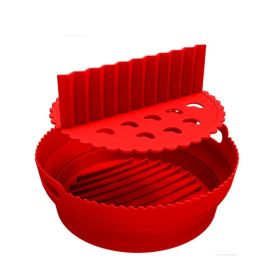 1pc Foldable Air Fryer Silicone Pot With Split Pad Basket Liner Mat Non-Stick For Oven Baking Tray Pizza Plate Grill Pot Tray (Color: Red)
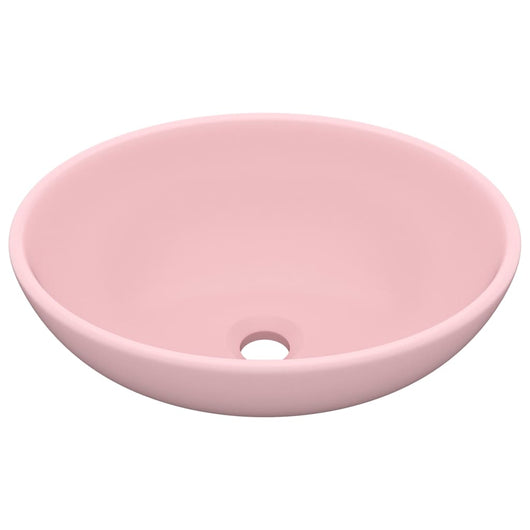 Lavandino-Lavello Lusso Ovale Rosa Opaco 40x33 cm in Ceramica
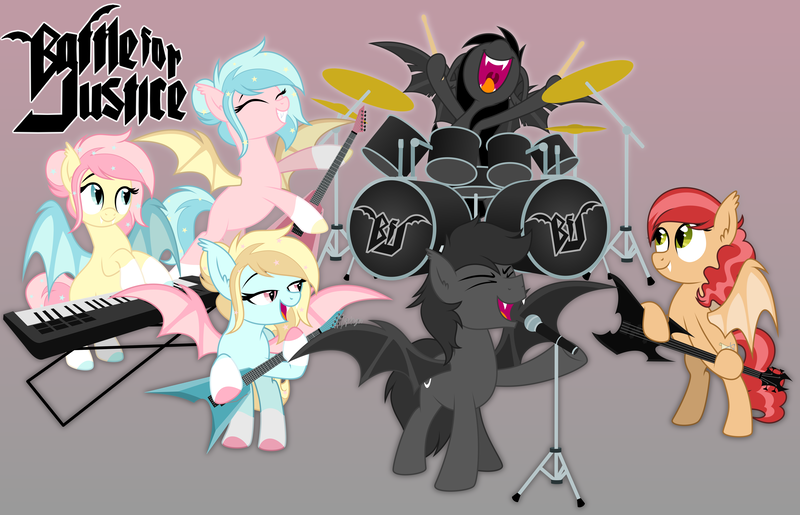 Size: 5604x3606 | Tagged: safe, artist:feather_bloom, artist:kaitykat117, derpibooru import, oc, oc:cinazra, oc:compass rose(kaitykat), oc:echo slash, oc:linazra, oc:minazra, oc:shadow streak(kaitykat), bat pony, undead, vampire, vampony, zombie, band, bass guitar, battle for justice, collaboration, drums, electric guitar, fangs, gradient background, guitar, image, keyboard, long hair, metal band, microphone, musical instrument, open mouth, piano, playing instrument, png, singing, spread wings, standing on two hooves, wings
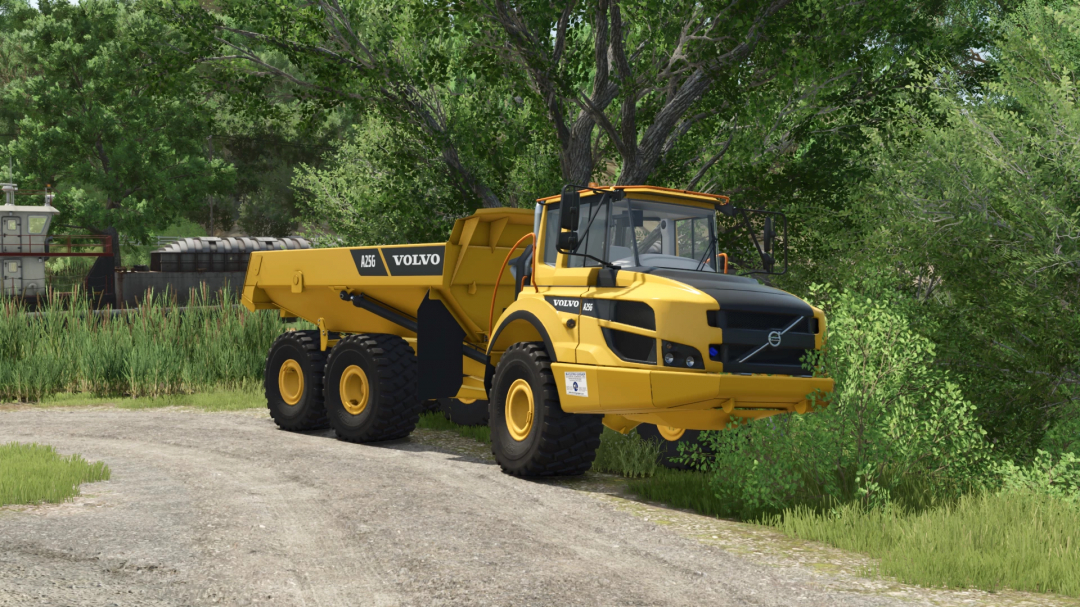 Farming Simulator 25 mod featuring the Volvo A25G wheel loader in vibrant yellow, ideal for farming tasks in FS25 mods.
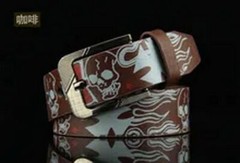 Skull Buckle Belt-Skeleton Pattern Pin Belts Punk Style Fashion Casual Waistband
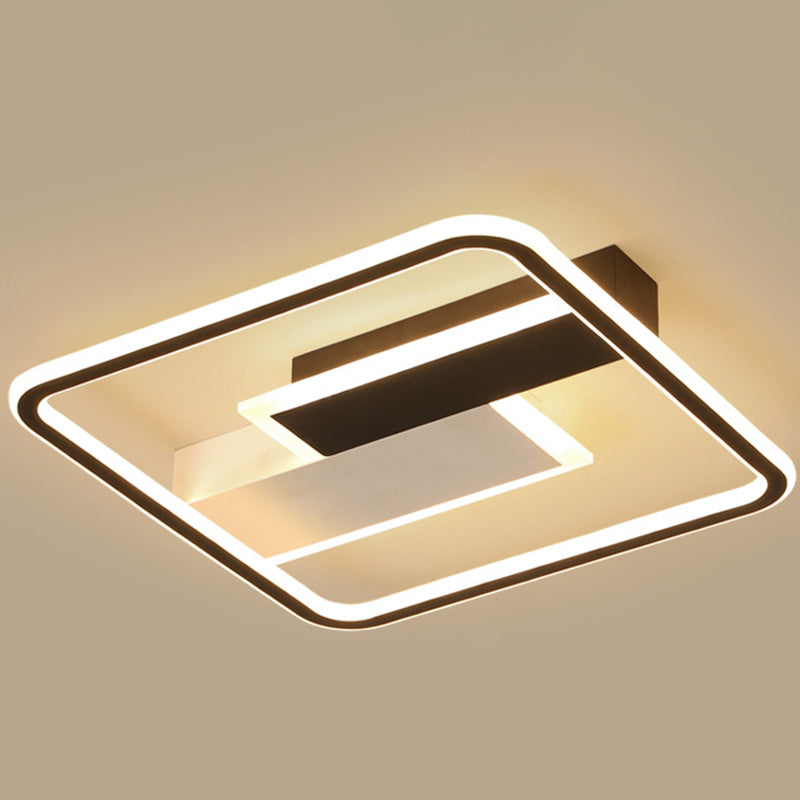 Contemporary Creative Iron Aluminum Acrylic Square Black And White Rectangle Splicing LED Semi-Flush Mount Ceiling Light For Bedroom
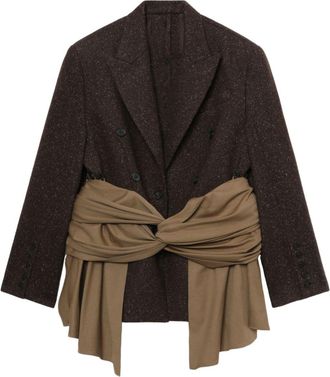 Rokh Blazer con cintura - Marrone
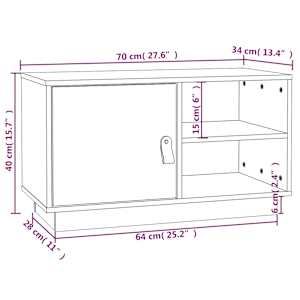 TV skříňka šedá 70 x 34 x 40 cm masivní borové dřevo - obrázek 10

**What needs to be done**
What is needed is a verbatim copy of the lines running from the one with "Lavandino-Lavello Lusso Ovale" through the last line of the listing above, excluding any pictures.

**Written answer**
 Lavandino-Lavello Lusso Ovale Rosa Opaco 40x33 cm in Ceramica
 Size: 5604x3606 | Tagged: safe, artist:feather_bloom, artist:kaitykat117, derpibooru import, oc, oc:cinazra, oc:compass rose(kaitykat), oc:echo slash, oc:linazra, oc:minazra, oc:shadow streak(kaitykat), bat pony, undead, vampire, vampony, zombie, band, bass guitar, battle for justice, collaboration, drums, electric guitar, fangs, gradient background, guitar, image, keyboard, long hair, metal band, microphone, musical instrument, open mouth, piano, playing instrument, png, singing, spread wings, standing on two hooves, wings
 Farming Simulator 25 mod featuring the Volvo A25G wheel loader in vibrant yellow, ideal for farming tasks in FS25 mods.
 Skull Buckle Belt-Skeleton Pattern Pin Belts Punk Style Fashion Casual Waistband
 Contemporary Creative Iron Aluminum Acrylic Square Black And White Rectangle Splicing LED Semi-Flush Mount Ceiling Light For Bedroom
 Rokh Blazer con cintura - Marrone
 TV skříňka šedá 70 x 34 x 40 cm masivní borové dřevo - obrázek 10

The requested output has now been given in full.